The Passing of Giants
IK Gujral and KC Pant belonged to the rare breed of politicians who put the nation before their careers, remembers
THE EVIL that men do lives after them; the good is oft interred with their bones.” Today, as our lives get steadily more enmeshed in a never-ending present, Shakespeare’s aphorism has become even more important to remember. Two people to whom India owes a great deal passed away in the second fortnight of November. They were Krishna Chandra Pant, fondly known by his friends and admirers as ‘Raja’, and Inder Kumar Gujral, who felt most comfortable when people simply addressed him by his first name, Inder. Inder was 92, and had been fading slowly. Raja was 81 and at the peak of his mental powers when, on the morning of 15 November, he sat down in his favourite chair, drank his morning tea, and simply went to sleep.

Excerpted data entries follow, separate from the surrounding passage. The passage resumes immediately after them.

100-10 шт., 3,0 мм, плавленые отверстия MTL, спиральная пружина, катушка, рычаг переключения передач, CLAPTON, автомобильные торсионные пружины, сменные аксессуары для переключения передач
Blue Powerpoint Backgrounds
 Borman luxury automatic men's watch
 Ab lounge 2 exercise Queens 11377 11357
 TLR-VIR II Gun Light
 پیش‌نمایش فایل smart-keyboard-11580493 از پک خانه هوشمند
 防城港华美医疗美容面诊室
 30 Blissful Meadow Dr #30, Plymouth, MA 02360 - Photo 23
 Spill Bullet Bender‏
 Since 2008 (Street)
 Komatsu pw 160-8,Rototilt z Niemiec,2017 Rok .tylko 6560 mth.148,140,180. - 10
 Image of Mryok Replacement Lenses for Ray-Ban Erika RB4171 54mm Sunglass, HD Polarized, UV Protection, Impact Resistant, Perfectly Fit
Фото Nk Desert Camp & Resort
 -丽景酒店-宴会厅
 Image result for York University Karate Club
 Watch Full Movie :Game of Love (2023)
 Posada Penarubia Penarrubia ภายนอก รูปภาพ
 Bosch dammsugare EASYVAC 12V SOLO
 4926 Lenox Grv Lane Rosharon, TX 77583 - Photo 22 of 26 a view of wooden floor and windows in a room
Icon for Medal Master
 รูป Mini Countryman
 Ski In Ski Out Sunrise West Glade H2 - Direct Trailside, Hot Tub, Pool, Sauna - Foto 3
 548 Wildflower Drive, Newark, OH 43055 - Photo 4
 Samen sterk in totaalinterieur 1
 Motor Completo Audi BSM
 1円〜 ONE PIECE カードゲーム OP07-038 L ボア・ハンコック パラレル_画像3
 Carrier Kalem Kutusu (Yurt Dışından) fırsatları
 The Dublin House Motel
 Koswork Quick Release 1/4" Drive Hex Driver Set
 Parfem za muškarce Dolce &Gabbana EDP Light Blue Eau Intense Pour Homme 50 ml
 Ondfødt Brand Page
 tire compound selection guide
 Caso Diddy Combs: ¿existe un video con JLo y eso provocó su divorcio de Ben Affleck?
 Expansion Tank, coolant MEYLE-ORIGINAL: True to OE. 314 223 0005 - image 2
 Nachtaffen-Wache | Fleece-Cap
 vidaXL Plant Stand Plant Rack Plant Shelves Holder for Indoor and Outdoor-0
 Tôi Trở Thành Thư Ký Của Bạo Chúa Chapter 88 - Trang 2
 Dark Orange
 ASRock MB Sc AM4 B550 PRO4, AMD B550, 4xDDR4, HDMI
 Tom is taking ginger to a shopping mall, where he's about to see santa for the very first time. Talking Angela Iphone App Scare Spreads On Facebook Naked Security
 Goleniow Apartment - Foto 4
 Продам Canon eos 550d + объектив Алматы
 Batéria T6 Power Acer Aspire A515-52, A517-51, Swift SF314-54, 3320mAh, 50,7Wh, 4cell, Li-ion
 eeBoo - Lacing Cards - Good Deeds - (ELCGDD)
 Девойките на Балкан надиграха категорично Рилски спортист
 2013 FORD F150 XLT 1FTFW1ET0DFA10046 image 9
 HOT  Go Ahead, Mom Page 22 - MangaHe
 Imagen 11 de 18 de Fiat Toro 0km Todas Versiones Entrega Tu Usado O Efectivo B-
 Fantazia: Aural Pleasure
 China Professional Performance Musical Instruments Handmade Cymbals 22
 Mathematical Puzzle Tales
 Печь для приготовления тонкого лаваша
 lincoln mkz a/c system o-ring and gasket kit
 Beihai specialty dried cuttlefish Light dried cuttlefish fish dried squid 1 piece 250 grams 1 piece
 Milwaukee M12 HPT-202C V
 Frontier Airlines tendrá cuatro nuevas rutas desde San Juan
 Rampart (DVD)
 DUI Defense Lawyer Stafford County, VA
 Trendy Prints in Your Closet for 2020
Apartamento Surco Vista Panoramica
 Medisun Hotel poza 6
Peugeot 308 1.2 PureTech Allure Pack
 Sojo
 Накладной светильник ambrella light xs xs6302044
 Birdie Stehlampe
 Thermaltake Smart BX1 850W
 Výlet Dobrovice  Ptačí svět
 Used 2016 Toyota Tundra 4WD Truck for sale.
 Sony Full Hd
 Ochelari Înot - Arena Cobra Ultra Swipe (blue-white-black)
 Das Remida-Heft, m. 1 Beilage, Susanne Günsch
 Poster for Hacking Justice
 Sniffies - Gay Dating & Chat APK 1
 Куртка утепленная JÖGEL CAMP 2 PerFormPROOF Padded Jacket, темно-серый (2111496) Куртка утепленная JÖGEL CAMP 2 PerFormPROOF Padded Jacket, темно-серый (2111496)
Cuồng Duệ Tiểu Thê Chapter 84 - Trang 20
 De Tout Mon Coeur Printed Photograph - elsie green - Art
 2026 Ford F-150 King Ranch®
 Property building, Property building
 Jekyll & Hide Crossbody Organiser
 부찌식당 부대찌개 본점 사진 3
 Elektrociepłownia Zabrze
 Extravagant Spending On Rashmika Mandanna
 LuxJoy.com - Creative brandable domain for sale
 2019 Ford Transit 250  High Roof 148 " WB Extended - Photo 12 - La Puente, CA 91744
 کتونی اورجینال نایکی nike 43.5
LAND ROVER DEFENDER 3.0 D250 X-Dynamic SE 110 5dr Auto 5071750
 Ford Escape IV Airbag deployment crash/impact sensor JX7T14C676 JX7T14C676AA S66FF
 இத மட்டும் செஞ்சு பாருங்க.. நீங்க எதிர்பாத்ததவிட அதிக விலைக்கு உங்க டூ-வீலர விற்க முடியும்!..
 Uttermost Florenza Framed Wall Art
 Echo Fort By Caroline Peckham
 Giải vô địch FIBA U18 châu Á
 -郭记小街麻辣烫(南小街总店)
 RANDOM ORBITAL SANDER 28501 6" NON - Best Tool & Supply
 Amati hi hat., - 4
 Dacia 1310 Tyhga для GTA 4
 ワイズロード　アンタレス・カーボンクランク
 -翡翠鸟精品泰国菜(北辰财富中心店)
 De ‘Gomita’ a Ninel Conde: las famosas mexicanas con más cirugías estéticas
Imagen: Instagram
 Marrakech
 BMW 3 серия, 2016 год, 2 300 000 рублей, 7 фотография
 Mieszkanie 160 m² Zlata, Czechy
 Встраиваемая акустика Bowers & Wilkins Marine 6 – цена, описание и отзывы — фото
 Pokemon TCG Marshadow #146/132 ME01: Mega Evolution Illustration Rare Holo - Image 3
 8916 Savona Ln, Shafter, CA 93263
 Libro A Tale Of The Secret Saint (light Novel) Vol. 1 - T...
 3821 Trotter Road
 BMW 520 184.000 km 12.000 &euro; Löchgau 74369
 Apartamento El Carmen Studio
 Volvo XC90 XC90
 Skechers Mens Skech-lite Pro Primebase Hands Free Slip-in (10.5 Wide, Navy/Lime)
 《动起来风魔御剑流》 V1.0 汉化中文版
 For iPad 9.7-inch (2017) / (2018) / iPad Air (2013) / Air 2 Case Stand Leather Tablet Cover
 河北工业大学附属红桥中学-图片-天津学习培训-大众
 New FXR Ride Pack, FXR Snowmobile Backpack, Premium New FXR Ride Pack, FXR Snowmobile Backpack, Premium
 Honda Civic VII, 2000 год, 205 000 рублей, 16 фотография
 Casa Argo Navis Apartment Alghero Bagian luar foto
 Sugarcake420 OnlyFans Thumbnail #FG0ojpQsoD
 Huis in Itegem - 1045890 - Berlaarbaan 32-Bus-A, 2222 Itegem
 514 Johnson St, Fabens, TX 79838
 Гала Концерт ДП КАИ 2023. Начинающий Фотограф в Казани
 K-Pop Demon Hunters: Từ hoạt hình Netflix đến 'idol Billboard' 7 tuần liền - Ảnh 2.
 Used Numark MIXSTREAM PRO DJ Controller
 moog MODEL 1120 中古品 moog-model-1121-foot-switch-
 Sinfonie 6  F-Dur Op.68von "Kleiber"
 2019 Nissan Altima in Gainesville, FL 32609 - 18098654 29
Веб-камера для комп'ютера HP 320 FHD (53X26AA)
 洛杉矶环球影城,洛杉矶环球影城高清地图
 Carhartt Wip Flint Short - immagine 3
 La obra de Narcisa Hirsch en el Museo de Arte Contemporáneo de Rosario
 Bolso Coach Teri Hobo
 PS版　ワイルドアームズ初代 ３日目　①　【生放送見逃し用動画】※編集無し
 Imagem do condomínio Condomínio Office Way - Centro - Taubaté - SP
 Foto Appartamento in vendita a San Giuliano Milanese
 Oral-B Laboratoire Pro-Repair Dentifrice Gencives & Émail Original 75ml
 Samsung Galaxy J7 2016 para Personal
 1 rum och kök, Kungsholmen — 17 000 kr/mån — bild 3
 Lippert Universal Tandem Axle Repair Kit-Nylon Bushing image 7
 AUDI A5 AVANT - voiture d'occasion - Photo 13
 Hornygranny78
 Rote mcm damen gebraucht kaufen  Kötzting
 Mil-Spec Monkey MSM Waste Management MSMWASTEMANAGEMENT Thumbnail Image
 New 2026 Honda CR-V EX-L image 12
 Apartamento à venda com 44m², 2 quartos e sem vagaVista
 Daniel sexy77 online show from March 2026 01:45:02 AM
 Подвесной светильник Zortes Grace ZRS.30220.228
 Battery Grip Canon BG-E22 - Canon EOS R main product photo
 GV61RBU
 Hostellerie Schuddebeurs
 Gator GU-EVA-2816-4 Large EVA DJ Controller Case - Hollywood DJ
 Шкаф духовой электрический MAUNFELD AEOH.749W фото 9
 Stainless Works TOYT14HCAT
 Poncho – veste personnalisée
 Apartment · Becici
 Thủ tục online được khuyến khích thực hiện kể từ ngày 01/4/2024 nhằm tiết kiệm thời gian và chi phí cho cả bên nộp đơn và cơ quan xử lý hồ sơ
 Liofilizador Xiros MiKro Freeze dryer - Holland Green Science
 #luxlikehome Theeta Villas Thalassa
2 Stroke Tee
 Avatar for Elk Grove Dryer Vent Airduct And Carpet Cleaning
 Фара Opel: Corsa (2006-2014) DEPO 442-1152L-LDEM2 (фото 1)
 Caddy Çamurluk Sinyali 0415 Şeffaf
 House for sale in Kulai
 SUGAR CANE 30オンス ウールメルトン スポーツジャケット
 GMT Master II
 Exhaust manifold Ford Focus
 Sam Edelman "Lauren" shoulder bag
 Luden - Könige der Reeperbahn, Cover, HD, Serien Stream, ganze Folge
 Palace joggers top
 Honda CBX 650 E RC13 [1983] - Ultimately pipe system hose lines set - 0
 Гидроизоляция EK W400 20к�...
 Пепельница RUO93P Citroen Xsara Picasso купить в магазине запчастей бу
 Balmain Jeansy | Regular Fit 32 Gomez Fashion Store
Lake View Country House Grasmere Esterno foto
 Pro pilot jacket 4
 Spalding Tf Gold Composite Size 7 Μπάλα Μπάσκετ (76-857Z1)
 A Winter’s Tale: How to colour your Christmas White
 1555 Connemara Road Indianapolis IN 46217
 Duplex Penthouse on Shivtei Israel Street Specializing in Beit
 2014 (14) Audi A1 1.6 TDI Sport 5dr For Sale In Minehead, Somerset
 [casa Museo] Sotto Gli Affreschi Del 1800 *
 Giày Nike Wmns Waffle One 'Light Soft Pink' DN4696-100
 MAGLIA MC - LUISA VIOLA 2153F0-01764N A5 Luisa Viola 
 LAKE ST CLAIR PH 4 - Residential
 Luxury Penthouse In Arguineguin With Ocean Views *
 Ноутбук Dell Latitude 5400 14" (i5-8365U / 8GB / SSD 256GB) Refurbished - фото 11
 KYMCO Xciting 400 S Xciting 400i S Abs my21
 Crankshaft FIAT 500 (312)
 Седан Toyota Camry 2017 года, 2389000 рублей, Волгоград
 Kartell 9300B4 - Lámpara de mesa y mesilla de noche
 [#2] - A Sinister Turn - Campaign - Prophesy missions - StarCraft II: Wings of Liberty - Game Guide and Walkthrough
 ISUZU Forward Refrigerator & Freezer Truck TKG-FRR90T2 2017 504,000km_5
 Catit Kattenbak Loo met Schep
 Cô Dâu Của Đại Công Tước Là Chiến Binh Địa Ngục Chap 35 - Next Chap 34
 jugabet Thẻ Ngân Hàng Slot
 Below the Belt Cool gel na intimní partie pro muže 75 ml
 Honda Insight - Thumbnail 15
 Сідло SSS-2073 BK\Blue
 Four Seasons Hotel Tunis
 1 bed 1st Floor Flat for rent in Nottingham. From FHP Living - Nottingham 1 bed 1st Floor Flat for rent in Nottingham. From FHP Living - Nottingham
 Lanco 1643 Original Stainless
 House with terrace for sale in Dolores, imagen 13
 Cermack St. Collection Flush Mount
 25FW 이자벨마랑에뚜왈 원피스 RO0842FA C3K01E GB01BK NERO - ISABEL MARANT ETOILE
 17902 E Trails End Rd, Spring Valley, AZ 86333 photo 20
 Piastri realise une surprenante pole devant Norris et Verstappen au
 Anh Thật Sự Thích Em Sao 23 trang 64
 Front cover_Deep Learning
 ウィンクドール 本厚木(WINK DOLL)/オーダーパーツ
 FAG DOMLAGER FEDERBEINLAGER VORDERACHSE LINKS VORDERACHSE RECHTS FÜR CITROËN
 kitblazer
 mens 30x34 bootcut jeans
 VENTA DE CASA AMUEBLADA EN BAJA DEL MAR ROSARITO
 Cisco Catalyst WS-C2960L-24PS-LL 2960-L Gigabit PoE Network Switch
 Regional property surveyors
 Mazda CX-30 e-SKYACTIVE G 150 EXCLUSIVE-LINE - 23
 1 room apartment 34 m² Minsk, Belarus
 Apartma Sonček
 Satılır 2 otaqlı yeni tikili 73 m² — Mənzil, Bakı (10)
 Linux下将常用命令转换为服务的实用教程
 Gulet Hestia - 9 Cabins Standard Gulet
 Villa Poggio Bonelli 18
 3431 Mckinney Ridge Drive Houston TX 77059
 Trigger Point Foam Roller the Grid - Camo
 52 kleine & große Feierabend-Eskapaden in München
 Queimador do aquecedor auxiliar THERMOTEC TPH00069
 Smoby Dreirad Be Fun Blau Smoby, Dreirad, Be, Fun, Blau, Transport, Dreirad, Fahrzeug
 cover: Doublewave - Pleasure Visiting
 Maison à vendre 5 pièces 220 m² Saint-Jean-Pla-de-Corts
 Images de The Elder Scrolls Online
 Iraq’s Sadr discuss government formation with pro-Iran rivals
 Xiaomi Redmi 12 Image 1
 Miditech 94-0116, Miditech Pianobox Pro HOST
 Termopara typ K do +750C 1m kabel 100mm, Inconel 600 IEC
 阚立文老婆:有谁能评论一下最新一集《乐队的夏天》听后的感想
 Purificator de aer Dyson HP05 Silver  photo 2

Death is an occasion for mourning. But it is also a time for remembering the life that has been lived. Both these fine men have left us a lot to remember. And a lot to celebrate. Gujral was India’s prime minister for only eight months, but in that short period, he left an indelible stamp on our foreign policy. Today, the world remembers him mainly as the creator of the Gujral Doctrine. Mark Tully summed it up in The Guardian as follows: “At its heart was the highly significant recognition that India must treat its neighbours more generously, and in particular, no longer insist on reciprocal measures.” That, of course, was the core of the doctrine, and Gujral applied it within weeks of becoming prime minister to settle the thorny issue of how to share the Ganga waters impounded by the Farakka barrage with Bangladesh. He did this in a manner that recognised not only Bangladesh’s legal rights as the lower riparian State, but also its far greater need for these waters.